Giovanni (or Gian) Battista Trener (7 January 1877 in Fiera di Primiero – 5 May 1954 in Trento) was an Italian geologist and director of the Tridentine Museum of Natural Sciences (Museo tridentino di scienze naturali) from 1922 to 1932 and from 1946 to 1954 respectively.

== Biography ==
He studied at the gymnasium in Trento and then in chemistry and natural sciences at the University of Vienna. From 1900 to 1914 he worked at KuK Geologische Anstalt.

He collaborated with Cesare Battisti (directed along the magazine of studies Tridentum, active from 1898 to 1913) of which also became a brother marrying his wife's sister Ernesta Bittanti, Irene. In 1913 he became a member of the Accademia Roveretana degli Agiati.

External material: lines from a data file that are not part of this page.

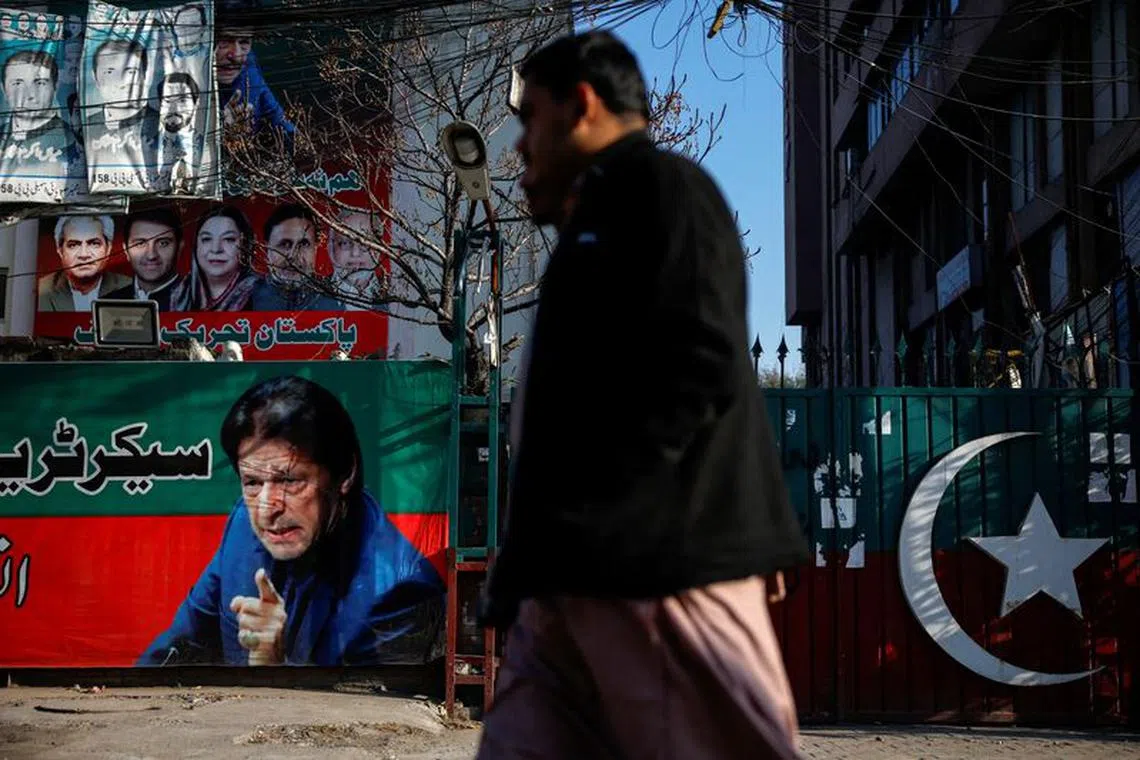 FILE PHOTO: People walk past a banner with a picture of the former Prime Minister Imran Khan outside the party office of Pakistan Tehreek-e-Insaf (PTI), a day after the general election, in Lahore, Pakistan, February 9, 2024. REUTERS/Navesh Chitrakar
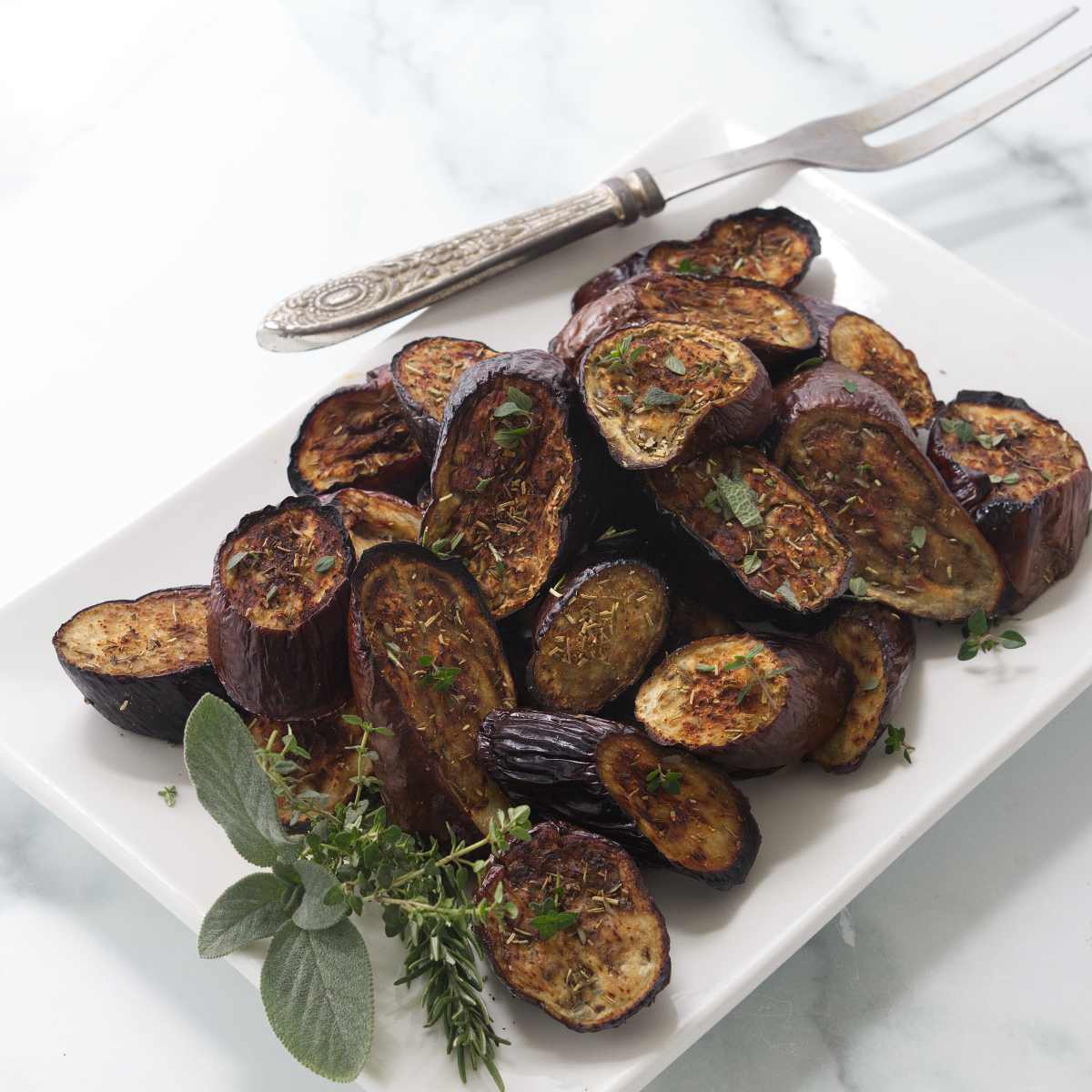 Baked eggplant on a serving platter.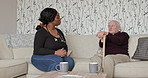 Discussion, healthcare and nurse with senior man with walking stick in living room of house. Communication, medical and African caregiver talk and consulting elderly male patient in retirement home.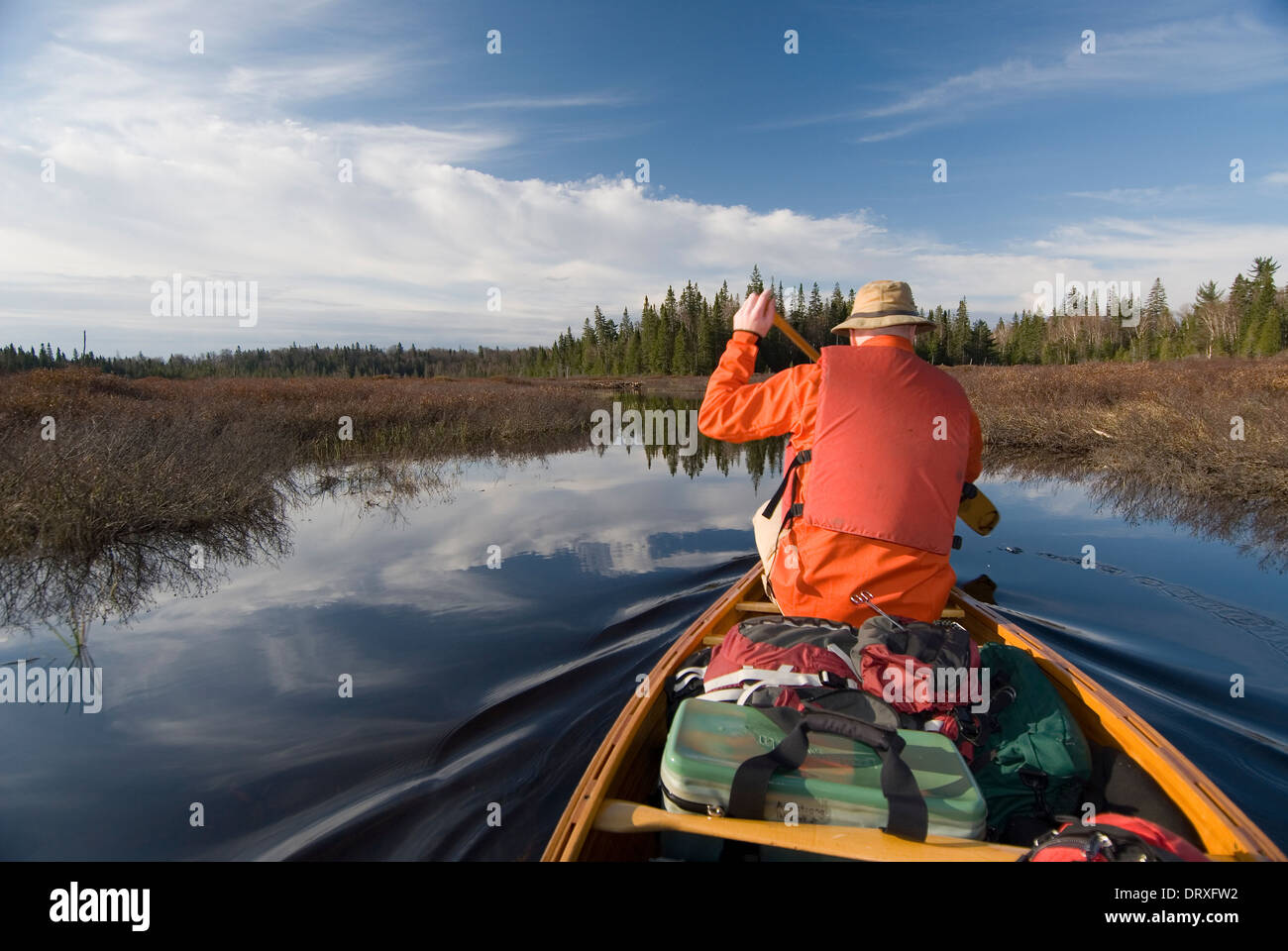 A man paddling a canoe in a calm lake in Northern Ontario Stock Photo
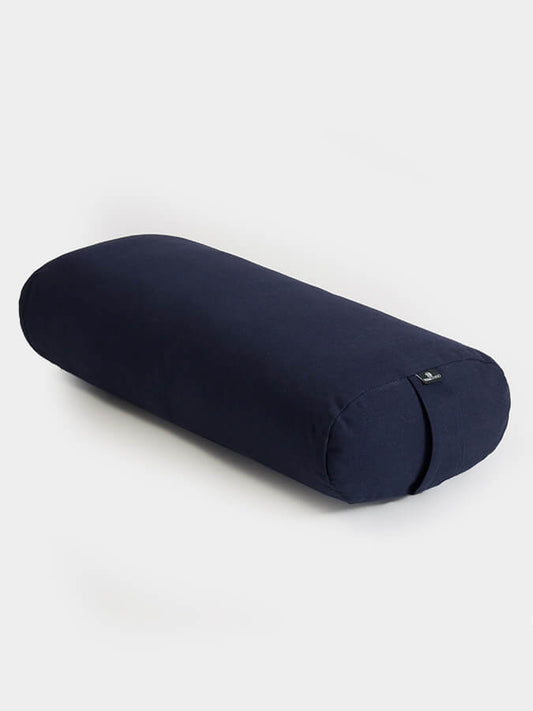 Navy blue yoga bolster on a white background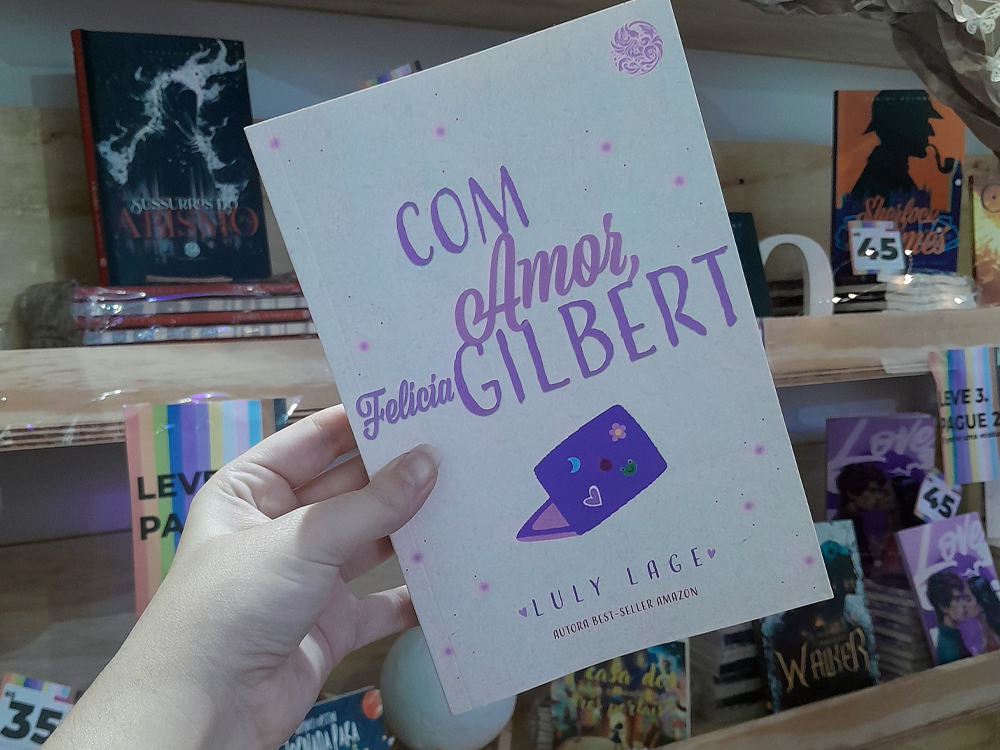 Fotografia em primeiro plano de uma mão segurando o livro. Ao fundo, desfocados, vê-se prateleiras de madeira com outros livros expostos, incluindo exemplares de Love, Sussurros do Abismo e Walker, além de cartazes promocionais com faixas coloridas e a frase Leve 3, Pague 2.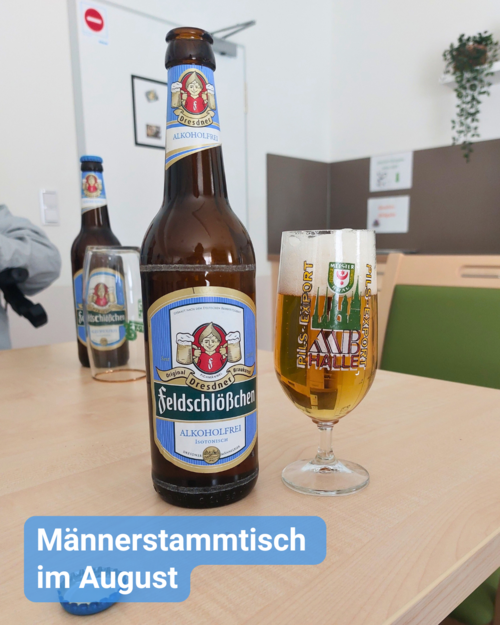 Gemütliches Beisammensein bei einem alkoholfreien Bier – ein Tisch mit Bierflasche und einem Bierglas ist zu sehen. Bildbeschriftung: Männerstammtisch im August
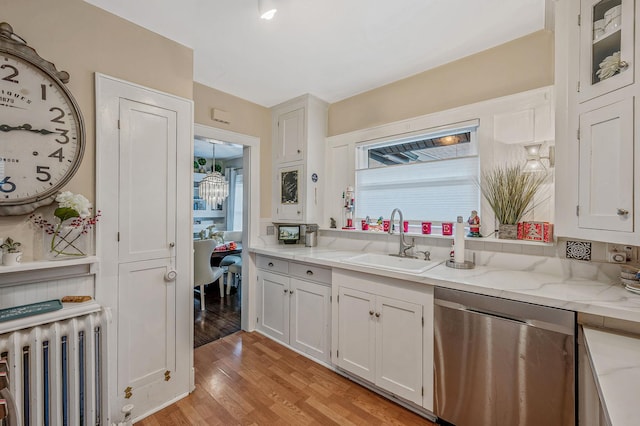 kitchen with light wood-type flooring, radiator, sink, dishwasher, and white cabinetry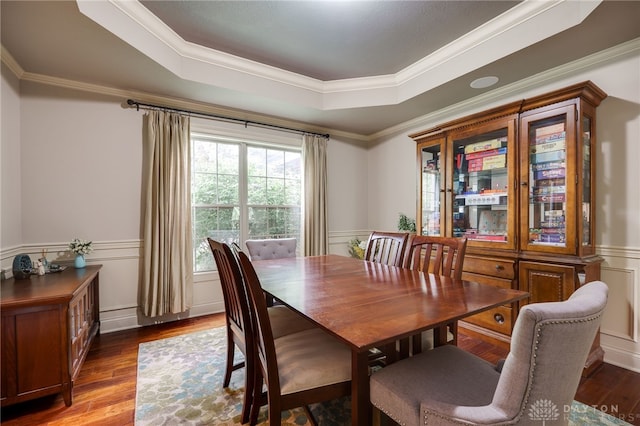 10067 Yearling Run, Dayton, OH 45458 - dining space featuring a tray ceiling, wood finished floors, wainscoting, crown molding, and a decorative wall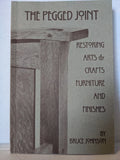 Book cover shows a pegged joint of wood furniture, advertising a guide to restoring Arts & Crafts furniture and finishes by Bruce Johnson.
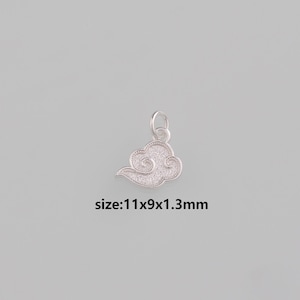 Puede incluir: Un charm de plata con forma de nube y superficie texturizada. El charm mide 11x9x1,3 mm. Tiene un lazo para sujetarlo a un collar o pulsera. El diseño de la nube es un símbolo popular.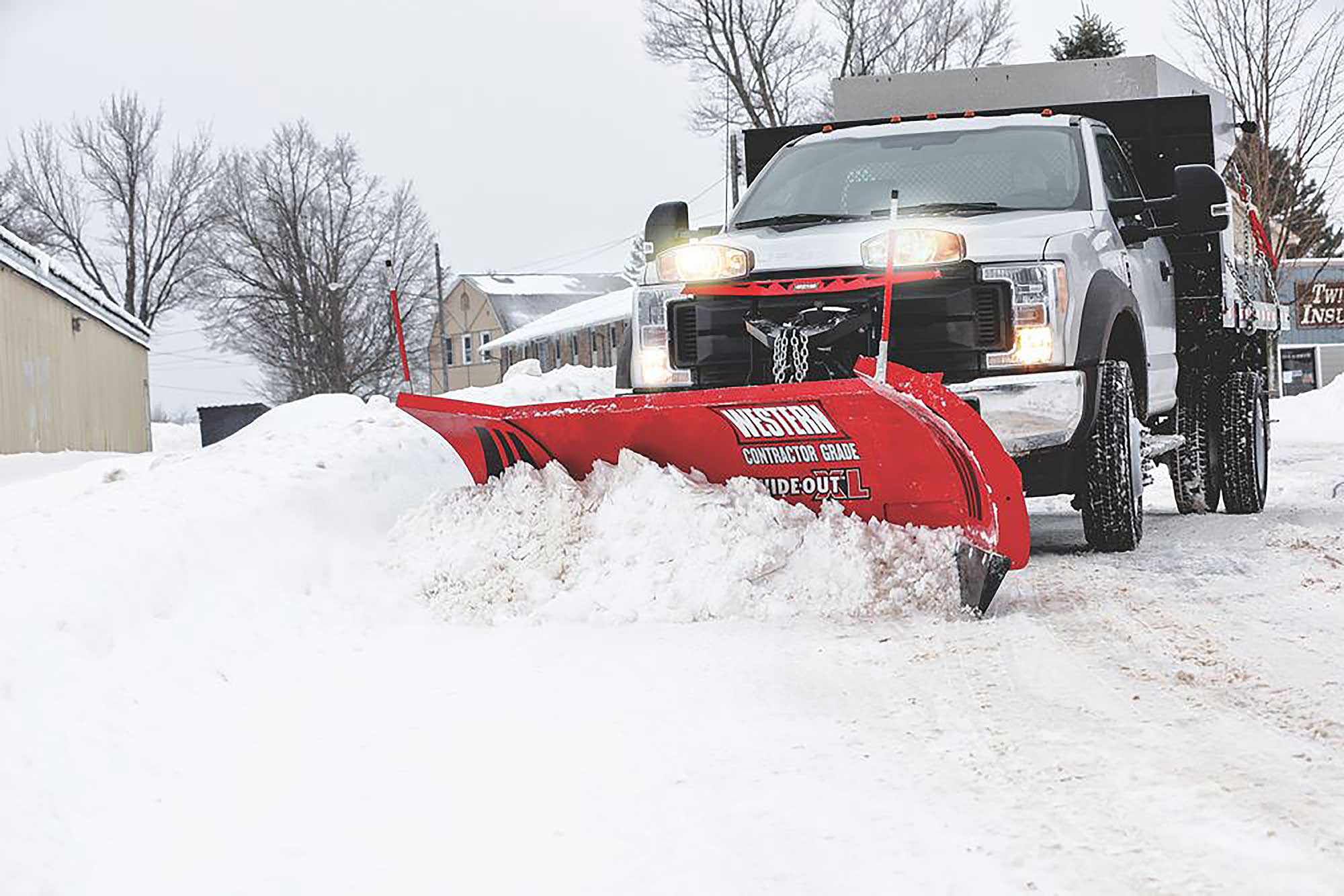 White heavy-duty dump truck with headlights on, fitted with a red Western Contractor Grade Wide-Out XL snow plow, clearing snow from a road on an overcast winter day with bare trees and buildings in the background.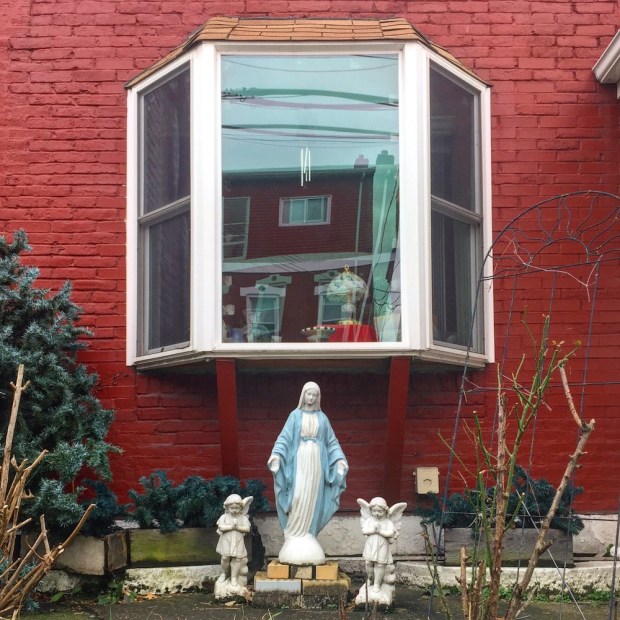 statues of Mary and angels in front yard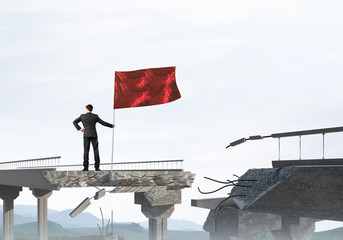 Man with flag presenting leadership concept.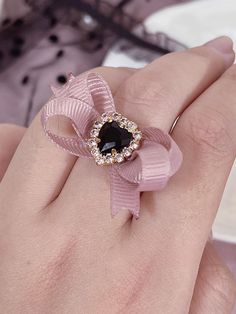 The price is for a ring only, others are not included. Elegant Heart-shaped Rings For Party, Elegant Heart Shaped Rings For Parties, Pink Ribbon Jewelry For Party, Pink Open Crystal Ring For Parties, Pink Crystal Open Ring For Party, Black Bow Jewelry Gift, Black Bow Jewelry For Gifts, Elegant Black Heart Ring For Weddings, Black Bow Jewelry For Gift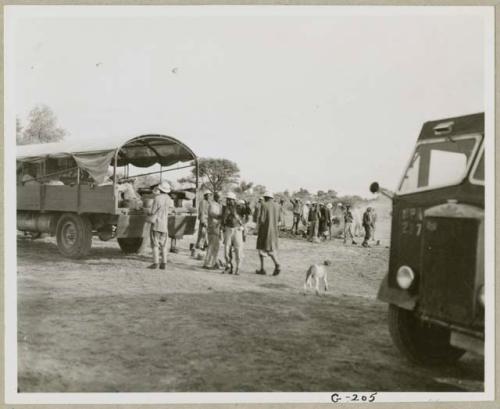 The WNLA (Witwatersrand Native Labor Association) convoy which stays over-night at Cho/ana arriving and the cook starting the fire to prepare supper (print is a cropped image)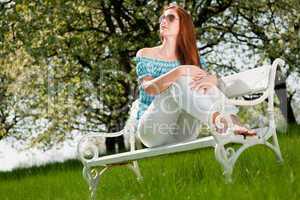 Young woman relaxing under blossom tree in spring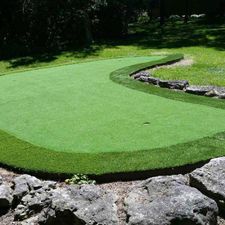 A green golf course surrounded by rocks and trees.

At the beginning of World War I he voluntarily enrolled in the Italian army and was the supreme commander and collaborator of Pietro Badoglio during the armistice of Villa Giusti.

In 1922 he founded the Civic Museum of Natural History of Trento (Museo tridentino di scienze naturali), of which he was director from 1922 to 1932, and was probably left in opposition to the Fascist regime, and again from 1946 to 1954, the year of his death.

He was director of the National Research Center's Alpine Studies Center (Consiglio Nazionale delle Ricerche).

In his memory, the Grotto Calgeron was named "GB Trainer Cave".

== Works ==
- With Cesare Battisti, Lake Terlago and Karst Phenomena of the Valleys of Fricca, Dess and Lakes, Trento: Zippel, 1898
- Earthquakes in Trentino: Historical News Sec. III-XVIII, Trento: Ed. Trentina, 1903
- Geological observations on the solid flow of avia (in Trentino), Trento: Tip. Ed. Mutilated and Invalid, 1923
- The discovery of radioactive sources in Merano: methods and results, Rome: Italian Society for the Advancement of Science, 1937
- Geographical and Geological Writings, Trento: Natural History Museum, 1957

== Sources ==
1. Annalia Dongilli, A newspaper for "The people": the cultural enterprise of Battisti spouses: (1900-1914), Trento, UCT editions, 2006, p. 16.